As the idea gradually took hold, I thought, horror of horrors, what on earth will I tell Zaman (deputy editor, New Age)?
`Reflections on Women Development Policy and IOJ hartal’ had expanded. Initially, I’d thought of writing two parts but ended up writing five. Before that, my Weather series had kept unfolding week after week. It took more than two months to complete, and had, in all, 9 parts!
Given my infamous track record, it is no wonder that Zaman repeatedly asks me whenever I begin a series, as opposed to my one-off pieces, `Are you sure you’ll be able to finish it in so-many parts? Are you absolutely sure that the next one will be the last one?’
But to return to the Women Development Policy series, beside my embarassment over what to tell Zaman, there were practicalities involved as well. What could I call this new one? A sequel to the Conclusion? A post-Conclusion? Ohhh!

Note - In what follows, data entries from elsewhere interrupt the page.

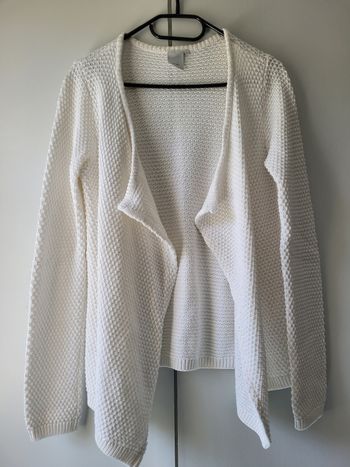 Gilet blanc léger taille S ICHI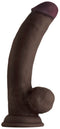 Realistische Dildo Shaft Siliconen Ø 4,5 cm (15,5 cm)
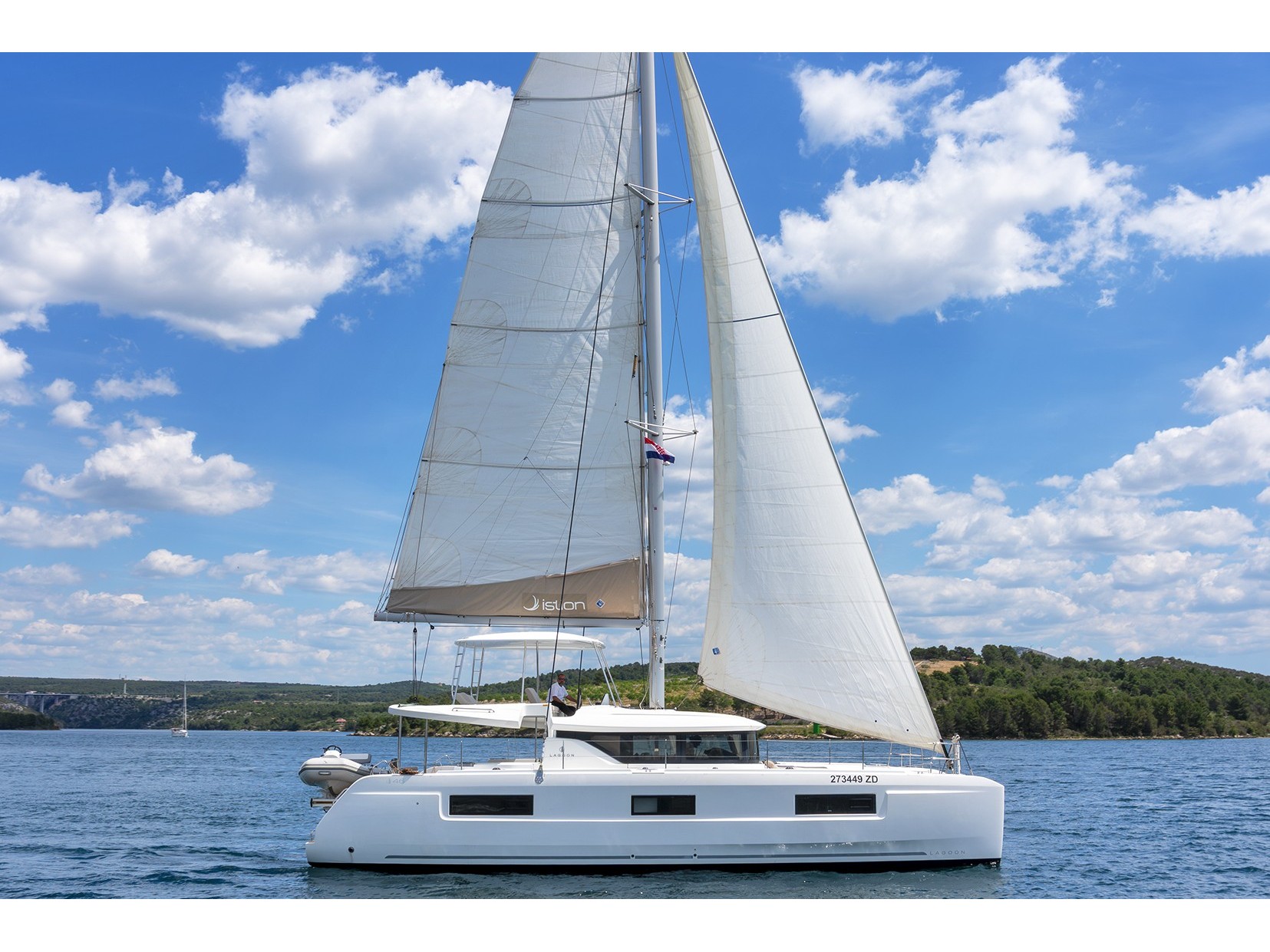 Lagoon 46 & GEN & WM — photo 1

As I began devising excuses, I thought, why not blame it on my reader-friends. After all, one of them had sms-ed me, shesh hoeo jeno shesh holo na lekhata, it seemed not to end even after ending. Another had said on g-chat: I think you should write a post-script. If not right now, then later. The last section of your concluding part left me in a state of suspense. Post-script, hmm.
As I toyed with the idea, I thought of all the things that had gotten left out of the 5-part series because of space and time constraints. I also thought of a male friend’s playful banter about the name of the platform, `ShomoOdhikar Amader Nunotomo Daabi’ (SAND). `Hey, if equal rights is the minimum, what’s the max? Us guys are undoubtedly very supportive, goes without saying, but we need to know don’t we? For God’s sake, there are male interests at stake.’ To which the best answer I felt was to yell that his wife, who’d wandered away in search of something, come over and join us.

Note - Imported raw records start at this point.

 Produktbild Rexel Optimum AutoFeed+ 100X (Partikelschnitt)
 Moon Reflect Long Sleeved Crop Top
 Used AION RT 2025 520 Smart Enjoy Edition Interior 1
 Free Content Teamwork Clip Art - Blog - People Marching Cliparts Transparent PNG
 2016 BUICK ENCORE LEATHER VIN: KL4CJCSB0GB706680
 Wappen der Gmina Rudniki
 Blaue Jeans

Laughter all around forced me to give up the idea of trying to explain that the ShomoOdhikar movement was not only about rights. Not merely about achieving equality with men. At least, that’s the way I see it. That men are not the standard, the norm, which frame women’s aspirations and struggles. That inequality is not only gendered, but is also class-ed, is ethnic (aspects of which are racialised). That it is built along communitarian lines. That these interweave in complex ways. No neat fits. No easy solutions. Given our long histories of deeply-founded, well-entrenched and overlapping systems of exploitation and social injustice, a mere overhauling will not do.

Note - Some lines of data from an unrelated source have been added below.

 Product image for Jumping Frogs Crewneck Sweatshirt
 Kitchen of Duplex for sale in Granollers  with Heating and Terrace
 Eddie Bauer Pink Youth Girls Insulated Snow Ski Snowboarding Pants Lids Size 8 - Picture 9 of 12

However, legally-enforced equal rights, are undoubtedly an essential element of that struggle. As many Roman Catholic women seeking a divorce will tell you. As Hindu women deprived of rights to family property, will insist. Or, as Muslim women seeking equal shares to inheritance, and rights over children, will explain.
But simultaneously, one needs to bear in mind that there are limits to a rights-based discourse, ones, which are difficult to think through because of its hegemonic status. For, as Gayatri Chakravarty Spivak says, liberalism and other modernist emancipatory formations are “that which we cannot not want” (emphasis mine). Wendy Brown agrees. In a sexually exploitative world, we cannot not want rights. The right to vote. To work. To equal wages. To not be sexually harassed. To be free from domestic violence (Wendy Brown, `Suffering the paradoxes of rights,’ 2002).
While discussing these issues, a historical perspective, I think, is essential, because the notion of rights are inextricably linked to modernity, to the powers of the modern state. In the pre-modern state, as Talal Asad explains, individuals were dependents of the sovereign power, they were subordinate to him, subject to his power and protection. But the modern state presupposes the `equal’ citizen?not subject to a superior power, rather, the subject of specific rights, a part of the sovereign body, in that sense, of the state. The formation of modern states on European patterns throughout the world led to the development of new vocabularies, new political practices, oriented toward struggles within and about various legal categories (personal/family laws, workers rights, protecting the environment etc., etc.). This is because the Law in the modern state is one of the social conditions of our existence, making struggles of modern politics very different in character from those occurring in premodern politics. And one must bear in mind, as Asad reminds us, that laws are enacted `not simply to command obedience and to maintain justice, but to enable or disable its population.’ What better instance of this in contemporary times than the US government’s discriminatory targeting of Muslim communities in counter-terrorism investigations?
If it enables some, while disabling others, if rights, because of their hegemonic status, is that which we cannot not want, where does this place women’s struggles for equal rights? Where else but the need to remember that rights mitigate, they do not eliminate. They `soften’ the effects of the subordination and violation to which women are vulnerable, they do not `eliminate’ masculine dominance, as attested to by the proliferation of women’s rights over the past century (Brown). This, of course, does not mean that it is wrong for women to seek equal rights, ask a raped woman who’s seeking justice, she’ll tell you. However, we must not forget that rights are formulated in a manner which enable the victim, the subordinated, to escape from the site of that violation. The `site’ has a fence built around it, writes Brown, so as to regulate the violations that occur (for e.g., acts of rape). But these rights do not challenge the regime of masculine domination. Nor do they challenge the mechanisms which reproduce it.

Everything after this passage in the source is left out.